* **Excerpted records**
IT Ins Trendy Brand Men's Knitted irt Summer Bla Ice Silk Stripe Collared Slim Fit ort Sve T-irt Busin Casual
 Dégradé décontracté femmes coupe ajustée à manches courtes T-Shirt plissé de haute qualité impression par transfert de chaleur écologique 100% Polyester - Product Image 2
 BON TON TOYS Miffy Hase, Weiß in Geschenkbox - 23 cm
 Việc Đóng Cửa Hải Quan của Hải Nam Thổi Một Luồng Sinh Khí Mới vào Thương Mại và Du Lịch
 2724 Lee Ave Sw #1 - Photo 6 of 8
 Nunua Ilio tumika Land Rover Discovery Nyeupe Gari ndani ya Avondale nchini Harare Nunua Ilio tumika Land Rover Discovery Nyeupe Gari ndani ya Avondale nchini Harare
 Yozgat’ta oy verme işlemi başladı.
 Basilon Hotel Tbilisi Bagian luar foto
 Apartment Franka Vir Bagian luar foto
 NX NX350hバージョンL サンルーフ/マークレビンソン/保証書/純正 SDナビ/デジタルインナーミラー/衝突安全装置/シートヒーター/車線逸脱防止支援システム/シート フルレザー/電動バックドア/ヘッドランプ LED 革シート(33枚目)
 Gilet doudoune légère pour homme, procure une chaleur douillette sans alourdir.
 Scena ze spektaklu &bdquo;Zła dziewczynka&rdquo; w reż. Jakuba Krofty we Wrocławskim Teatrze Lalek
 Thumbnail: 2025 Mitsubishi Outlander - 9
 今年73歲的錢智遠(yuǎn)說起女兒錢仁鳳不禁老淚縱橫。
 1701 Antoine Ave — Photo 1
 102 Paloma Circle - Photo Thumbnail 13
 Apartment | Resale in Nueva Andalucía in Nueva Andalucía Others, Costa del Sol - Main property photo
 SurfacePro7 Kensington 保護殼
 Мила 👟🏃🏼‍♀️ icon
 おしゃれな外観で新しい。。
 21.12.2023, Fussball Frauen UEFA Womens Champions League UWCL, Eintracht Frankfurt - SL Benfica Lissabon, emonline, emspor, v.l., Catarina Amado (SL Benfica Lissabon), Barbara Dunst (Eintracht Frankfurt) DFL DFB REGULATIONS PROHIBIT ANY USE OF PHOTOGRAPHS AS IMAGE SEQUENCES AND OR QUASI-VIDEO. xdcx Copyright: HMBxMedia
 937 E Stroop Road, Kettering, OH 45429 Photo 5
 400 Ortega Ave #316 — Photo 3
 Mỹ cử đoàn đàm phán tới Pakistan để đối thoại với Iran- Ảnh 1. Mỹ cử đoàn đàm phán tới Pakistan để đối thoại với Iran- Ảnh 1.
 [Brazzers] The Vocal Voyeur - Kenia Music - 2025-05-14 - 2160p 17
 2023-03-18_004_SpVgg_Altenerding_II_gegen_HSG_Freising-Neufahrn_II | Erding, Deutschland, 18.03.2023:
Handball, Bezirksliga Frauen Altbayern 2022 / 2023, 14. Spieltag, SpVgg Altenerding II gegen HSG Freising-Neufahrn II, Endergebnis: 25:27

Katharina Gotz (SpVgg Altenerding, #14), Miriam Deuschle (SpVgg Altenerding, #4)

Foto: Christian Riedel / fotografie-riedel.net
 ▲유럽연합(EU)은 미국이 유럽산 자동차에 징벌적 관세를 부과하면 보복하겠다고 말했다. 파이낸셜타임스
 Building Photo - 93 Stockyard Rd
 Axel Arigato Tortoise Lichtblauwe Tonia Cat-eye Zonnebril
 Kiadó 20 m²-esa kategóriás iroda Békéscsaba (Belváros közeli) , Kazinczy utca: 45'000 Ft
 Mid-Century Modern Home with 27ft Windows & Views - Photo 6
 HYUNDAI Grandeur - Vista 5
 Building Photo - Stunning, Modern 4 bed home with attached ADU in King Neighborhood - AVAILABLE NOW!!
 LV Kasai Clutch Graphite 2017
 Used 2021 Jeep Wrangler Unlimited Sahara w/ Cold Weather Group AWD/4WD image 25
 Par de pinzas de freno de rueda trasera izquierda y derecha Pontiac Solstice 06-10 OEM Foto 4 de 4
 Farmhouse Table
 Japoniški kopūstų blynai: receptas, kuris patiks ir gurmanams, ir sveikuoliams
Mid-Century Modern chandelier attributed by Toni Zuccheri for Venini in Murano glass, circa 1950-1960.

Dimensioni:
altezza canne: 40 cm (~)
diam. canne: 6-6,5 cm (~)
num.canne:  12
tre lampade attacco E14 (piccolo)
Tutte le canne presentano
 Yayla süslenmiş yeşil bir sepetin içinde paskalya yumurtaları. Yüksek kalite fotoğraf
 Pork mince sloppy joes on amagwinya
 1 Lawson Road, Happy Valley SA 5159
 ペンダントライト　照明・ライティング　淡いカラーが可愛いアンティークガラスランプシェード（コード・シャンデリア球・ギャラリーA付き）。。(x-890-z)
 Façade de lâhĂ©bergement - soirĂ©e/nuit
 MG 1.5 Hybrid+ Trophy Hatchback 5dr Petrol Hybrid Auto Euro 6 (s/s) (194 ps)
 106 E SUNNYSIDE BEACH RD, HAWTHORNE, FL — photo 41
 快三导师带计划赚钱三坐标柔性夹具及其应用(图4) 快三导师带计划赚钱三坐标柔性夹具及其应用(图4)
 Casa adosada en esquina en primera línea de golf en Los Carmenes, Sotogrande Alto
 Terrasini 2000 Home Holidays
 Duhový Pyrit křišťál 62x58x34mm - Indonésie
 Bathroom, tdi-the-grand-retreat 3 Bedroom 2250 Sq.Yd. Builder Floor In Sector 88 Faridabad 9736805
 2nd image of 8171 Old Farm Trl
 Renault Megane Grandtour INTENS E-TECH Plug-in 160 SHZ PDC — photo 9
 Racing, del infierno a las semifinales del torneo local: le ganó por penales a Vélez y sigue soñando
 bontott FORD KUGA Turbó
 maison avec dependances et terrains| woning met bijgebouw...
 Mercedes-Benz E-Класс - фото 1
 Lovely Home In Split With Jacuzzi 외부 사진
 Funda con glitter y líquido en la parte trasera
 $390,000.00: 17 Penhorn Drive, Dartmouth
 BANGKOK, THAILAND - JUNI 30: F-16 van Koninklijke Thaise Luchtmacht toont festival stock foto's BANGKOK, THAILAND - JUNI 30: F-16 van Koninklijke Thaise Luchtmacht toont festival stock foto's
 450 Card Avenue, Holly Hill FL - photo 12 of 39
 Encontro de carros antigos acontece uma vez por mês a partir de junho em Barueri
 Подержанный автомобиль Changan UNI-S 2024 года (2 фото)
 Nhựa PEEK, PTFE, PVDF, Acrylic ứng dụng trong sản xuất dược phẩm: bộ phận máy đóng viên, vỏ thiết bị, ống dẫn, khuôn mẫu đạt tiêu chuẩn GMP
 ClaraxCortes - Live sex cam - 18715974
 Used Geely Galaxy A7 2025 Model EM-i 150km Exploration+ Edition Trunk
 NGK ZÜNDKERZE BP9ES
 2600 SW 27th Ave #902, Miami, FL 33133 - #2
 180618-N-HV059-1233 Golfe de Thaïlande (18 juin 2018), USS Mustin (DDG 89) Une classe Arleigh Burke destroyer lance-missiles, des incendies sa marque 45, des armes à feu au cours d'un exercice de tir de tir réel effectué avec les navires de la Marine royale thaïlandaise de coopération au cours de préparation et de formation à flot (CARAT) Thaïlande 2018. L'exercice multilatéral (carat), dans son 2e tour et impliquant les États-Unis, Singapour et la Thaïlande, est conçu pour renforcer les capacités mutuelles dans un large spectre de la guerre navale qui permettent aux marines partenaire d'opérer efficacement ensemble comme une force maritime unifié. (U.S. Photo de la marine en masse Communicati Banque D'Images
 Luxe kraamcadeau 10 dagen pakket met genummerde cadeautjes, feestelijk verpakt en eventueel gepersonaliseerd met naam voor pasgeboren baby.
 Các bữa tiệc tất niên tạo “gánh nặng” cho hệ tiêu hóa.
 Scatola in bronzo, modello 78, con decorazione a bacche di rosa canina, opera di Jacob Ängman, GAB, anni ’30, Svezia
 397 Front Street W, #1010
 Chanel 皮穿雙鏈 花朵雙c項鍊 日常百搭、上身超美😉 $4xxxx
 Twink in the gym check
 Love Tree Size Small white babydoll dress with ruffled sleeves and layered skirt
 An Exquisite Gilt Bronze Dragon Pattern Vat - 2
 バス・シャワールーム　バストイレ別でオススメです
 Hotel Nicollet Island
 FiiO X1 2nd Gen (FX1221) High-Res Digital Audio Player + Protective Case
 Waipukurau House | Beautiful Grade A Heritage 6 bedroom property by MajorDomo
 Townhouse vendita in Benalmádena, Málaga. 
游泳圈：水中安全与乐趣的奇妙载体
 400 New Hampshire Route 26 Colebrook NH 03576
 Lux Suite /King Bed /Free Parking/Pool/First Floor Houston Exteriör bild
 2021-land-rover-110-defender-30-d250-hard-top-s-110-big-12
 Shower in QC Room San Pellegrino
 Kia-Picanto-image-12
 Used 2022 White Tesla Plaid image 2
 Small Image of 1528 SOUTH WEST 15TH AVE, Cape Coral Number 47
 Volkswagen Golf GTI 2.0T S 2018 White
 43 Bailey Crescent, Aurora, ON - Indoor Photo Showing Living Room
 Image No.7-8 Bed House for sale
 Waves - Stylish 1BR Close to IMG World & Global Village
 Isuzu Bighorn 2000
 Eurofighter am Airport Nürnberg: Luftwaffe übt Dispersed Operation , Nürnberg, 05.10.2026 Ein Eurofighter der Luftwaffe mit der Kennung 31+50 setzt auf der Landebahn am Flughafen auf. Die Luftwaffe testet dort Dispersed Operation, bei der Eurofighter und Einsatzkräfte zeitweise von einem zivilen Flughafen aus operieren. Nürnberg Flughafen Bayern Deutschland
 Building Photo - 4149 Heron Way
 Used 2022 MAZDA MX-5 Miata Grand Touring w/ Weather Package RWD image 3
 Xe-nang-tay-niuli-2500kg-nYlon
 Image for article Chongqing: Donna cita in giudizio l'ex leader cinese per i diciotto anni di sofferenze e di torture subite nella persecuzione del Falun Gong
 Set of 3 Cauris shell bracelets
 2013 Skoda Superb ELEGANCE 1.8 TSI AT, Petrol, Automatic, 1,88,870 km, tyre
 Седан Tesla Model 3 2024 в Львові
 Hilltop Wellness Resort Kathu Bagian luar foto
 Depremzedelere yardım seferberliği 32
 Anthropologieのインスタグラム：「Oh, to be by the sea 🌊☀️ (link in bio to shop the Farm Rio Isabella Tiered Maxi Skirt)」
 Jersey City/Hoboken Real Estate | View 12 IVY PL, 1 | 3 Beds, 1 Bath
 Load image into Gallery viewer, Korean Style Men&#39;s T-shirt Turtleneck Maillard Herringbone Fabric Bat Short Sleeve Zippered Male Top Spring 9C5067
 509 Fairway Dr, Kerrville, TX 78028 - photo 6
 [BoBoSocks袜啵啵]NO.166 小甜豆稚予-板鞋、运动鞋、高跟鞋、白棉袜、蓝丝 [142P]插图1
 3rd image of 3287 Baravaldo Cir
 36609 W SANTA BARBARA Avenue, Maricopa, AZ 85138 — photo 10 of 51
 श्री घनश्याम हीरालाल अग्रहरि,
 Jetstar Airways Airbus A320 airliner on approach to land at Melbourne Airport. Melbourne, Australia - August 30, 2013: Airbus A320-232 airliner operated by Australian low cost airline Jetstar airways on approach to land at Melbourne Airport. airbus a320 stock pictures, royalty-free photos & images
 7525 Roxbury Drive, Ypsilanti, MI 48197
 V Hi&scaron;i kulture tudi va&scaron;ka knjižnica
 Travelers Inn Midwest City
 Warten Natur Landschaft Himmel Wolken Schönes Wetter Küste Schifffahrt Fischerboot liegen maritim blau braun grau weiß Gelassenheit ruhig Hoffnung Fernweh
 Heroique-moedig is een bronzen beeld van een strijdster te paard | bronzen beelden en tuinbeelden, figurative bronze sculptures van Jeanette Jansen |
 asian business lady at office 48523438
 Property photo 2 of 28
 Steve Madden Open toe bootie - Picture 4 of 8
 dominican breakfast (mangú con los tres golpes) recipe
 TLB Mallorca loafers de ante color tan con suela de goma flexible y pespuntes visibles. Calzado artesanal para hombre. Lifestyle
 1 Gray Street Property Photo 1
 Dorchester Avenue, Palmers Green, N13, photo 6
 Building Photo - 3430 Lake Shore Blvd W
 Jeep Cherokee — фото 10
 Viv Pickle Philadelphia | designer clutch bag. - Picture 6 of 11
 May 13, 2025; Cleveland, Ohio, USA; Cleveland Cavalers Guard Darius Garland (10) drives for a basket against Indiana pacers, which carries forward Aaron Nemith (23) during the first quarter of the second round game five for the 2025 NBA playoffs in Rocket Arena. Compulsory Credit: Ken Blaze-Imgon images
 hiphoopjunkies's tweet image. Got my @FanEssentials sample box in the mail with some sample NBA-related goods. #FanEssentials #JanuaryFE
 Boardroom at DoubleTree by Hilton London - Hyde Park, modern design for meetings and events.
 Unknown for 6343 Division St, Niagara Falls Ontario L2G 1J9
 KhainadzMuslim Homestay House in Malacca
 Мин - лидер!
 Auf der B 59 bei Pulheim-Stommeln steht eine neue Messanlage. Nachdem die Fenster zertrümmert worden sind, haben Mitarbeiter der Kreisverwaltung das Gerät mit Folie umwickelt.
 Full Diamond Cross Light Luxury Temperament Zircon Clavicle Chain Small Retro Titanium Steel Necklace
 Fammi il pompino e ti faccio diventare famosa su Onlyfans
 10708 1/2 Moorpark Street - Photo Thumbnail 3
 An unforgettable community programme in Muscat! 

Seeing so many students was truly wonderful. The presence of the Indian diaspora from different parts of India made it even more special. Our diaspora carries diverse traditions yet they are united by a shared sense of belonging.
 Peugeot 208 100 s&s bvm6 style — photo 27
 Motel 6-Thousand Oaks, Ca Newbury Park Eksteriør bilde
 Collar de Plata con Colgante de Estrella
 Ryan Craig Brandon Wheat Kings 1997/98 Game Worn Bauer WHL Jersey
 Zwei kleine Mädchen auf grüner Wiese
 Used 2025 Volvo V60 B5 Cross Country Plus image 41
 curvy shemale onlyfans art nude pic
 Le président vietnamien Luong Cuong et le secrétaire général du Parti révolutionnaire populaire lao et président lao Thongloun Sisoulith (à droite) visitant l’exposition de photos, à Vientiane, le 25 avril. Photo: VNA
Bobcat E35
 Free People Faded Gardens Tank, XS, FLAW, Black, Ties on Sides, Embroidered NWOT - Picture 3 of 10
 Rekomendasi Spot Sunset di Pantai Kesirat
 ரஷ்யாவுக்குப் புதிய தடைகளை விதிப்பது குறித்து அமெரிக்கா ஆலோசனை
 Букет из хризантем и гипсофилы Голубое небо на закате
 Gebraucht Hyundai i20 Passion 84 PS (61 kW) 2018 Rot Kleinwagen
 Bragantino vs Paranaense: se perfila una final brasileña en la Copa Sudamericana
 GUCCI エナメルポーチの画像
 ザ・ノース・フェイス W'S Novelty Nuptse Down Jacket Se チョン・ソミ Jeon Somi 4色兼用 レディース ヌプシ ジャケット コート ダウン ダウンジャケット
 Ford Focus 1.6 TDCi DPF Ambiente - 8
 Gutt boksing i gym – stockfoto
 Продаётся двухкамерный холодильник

* **What you are asked to do**
Beginning at the line that holds "GUCCI エナメルポーチの画像", copy every line through the end of the entries exactly as given, and only those lines.

* **Exercise answer**
 GUCCI エナメルポーチの画像
 ザ・ノース・フェイス W'S Novelty Nuptse Down Jacket Se チョン・ソミ Jeon Somi 4色兼用 レディース ヌプシ ジャケット コート ダウン ダウンジャケット
 Ford Focus 1.6 TDCi DPF Ambiente - 8
 Gutt boksing i gym – stockfoto
 Продаётся двухкамерный холодильник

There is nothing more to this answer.